Many thanks to Tom Calhoun of Bayou Home Care for forwarding me the CMS update regarding proposed Medicare changes to the PPS system while I was out and about yesterday afternoon. (Be sure to click on the link and watch the video on Bayou Home Care’s page. You will understand why I am proud to be known a swamp rat).
Like everyone, I was excited to see CMS start to back off on the unclear, ambiguous and cumbersome requirements of the Face-to-Face requirement. The proposed changes are as follows:
- Eliminate the narrative requirement but the certifying physician would still have to document that a Face-to-Face visit occurred and include the date of the visit. Since nobody can agree on the definition of a ‘narrative’, this is probably a good thing.
- Medicare proposes the consideration of records from the certifying physician or discharge facility ONLY when determining eligibility.
- Physicians billing for certification/recertification for home health services will be denied if a patient is found to be ineligible.
The requirement that only the physician or discharge facility will mean that we can no longer turn to specialists records or pharmacy and other providers of care to support arguments of eligibility or homebound status. I’m not too worried but be very aware of this in the future should these changes come into law.
If you are interested in what your physicians bill for home health certification, check out Propublica’s Treatment Tracker and find your docs. Most do not bill often enough for certification/recertification visits to suffer appreciably from this requirement but some do.
All of this sounds really good, huh? It is – if you are an agency who has never been denied for providing good care to an eligible patient due to a poorly constructed Face-to-Face document.
Word of Caution
I tend to be overly sentimental and my first response to this update was an outpouring of warm feelings towards Medicare. Luckily, I forgot to post this last night and have had time to reconsider my emotional response.
The proposed regulations by Medicare, should they go into effect, will not address any denials that occurred prior to the changes. Recently, Palmetto sent a memo to y’all reminding you that no matter when a patient was admitted, the Face-to-Face documentation must be included with an ADR.
In other words, these changes offer no avenue of relief for denials that have occurred in the past. It also allows for limited denials related to the Face-to-Face document in the future if the start of care date occurred prior to the proposed changes.
The lawsuit filed by Bill Dombi, for NACH – your association – takes the position that the regulations written to satisfy the Face-to-Face requirement were never legal.
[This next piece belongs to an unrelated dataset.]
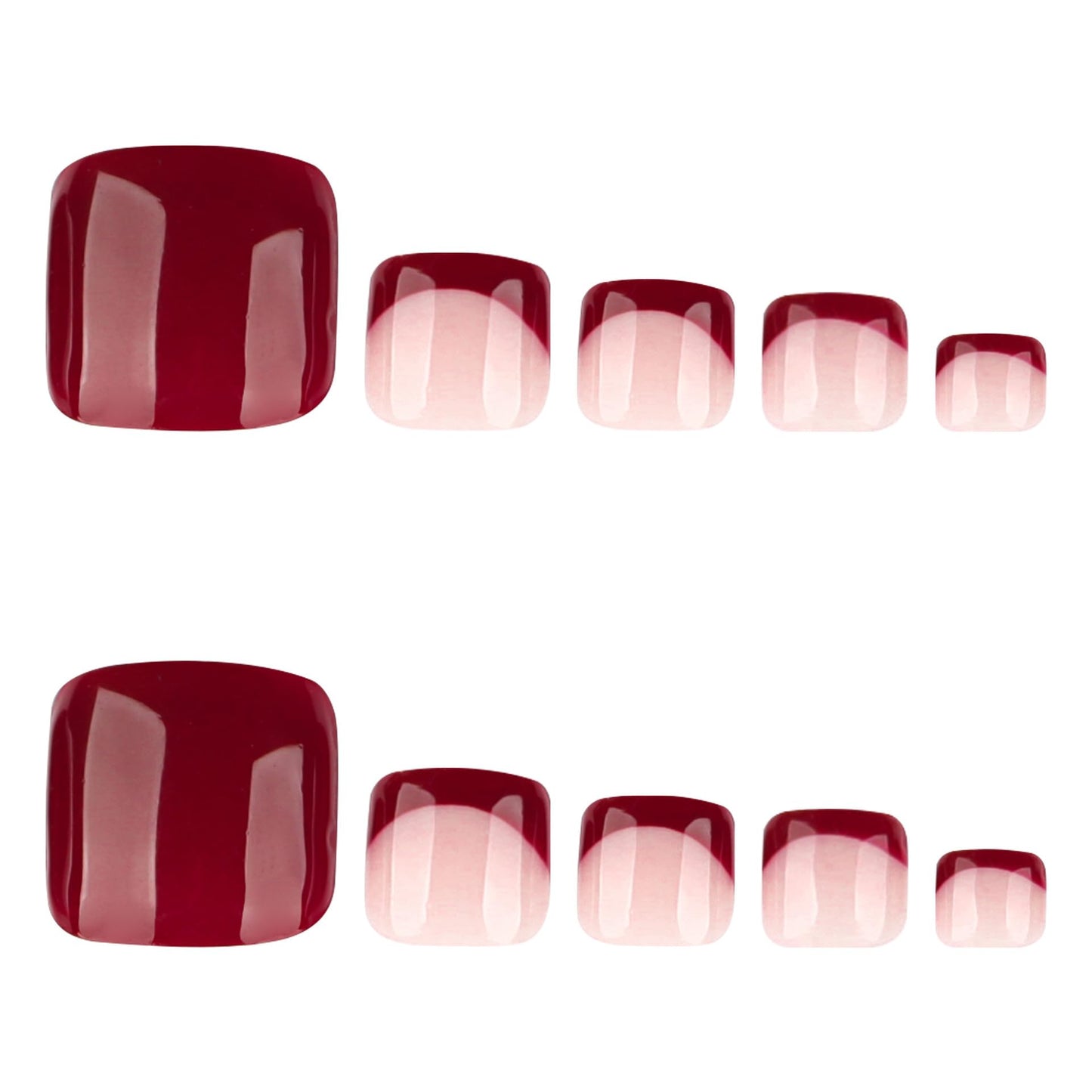 Wine Red Press on Toenails Short Square Fake Toe Nails Red French Tip False Toenails Glossy Full Cover Acrylic Toe Nails Stick on Nails for Woman 24Pcs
If NAHC prevails in the lawsuit, then agencies may have recourse for prior denials if all other criteria were met.
I emailed Bill Dombi to determine if I was understanding this correctly and his response was that I appeared to be correct. That’s about all you will ever get from a lawyer without depositions, cataloged evidence, sworn statements and DNA – the appearance of being correct. In this case appearance does count.
So, welcome the changes. Rest comfortably knowing that there is a little gang in congress who are willing to relax the requirements implemented by the Grammar Police. This is a start – not the finish to the remediation of an unwarranted attack on home care for grammatical errors.
Under no circumstances, should you become complacent. The denials that occurred in the past were unfair and new rules taking effect at a future date will not change that. Similarly, don’t overlook the significance of the proposed regulations as it is appears that someone in Washington is listening.
Again, Thanks to Tom and to Mr. Dombi for taking time out of their days to keep me informed.